French unions have staged a huge day of strikes and protests against proposed pension reforms. President Nicolas Sarkozy is due to make a statement on the issue Wednesday before a cabinet meeting.
The protest in pictures
Bernard Thibault of the CGT union and François Chereque of the CFDT lead the protest march, which set off at 2.30pm.
Brigitte and Michel, both 73, came to fight for the rights of younger generations.
Socialist Party councillor Yannick Trigance: "The government has no choice but to listen to the protesters, who are not demanding more rights but to save those they already have."
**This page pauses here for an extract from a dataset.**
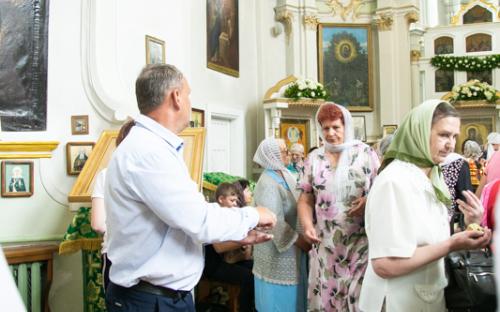 На приходе Троицкого собора молитвенно встретили престольный праздник фото 69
Bernard Thibault, leader of the CGT union, said turnout was better than expected and hinted at a possible general strike, saying: "If they don't respond and they don't pay heed, there will be a follow-up, and nothing is ruled out at this stage."
Francois Chereque, of the CFDT union: “If the government refuses to negotiate there will be further protests. There are other ways of paying for our pensions other than raising the minimum retirement age, such as raising taxes on those earning the most.”
"I worked for 35 years and I get 300 euros a month for my pension. Does that seem right to you?" - a 95-year-old pensioner.
Sandra, 8, is out with her grandmother because her school is closed: "I'd rather protest than go to school."
"I came to defend the rights of women," says Claudine Thomas of the Femmes Solidaires (Women's Solidarity) association. "Women are particularly hard hit by the proposed reforms - 80% of pensioners living in poverty are women."
These protesters chant: "Play Sarko-dice and you will lose."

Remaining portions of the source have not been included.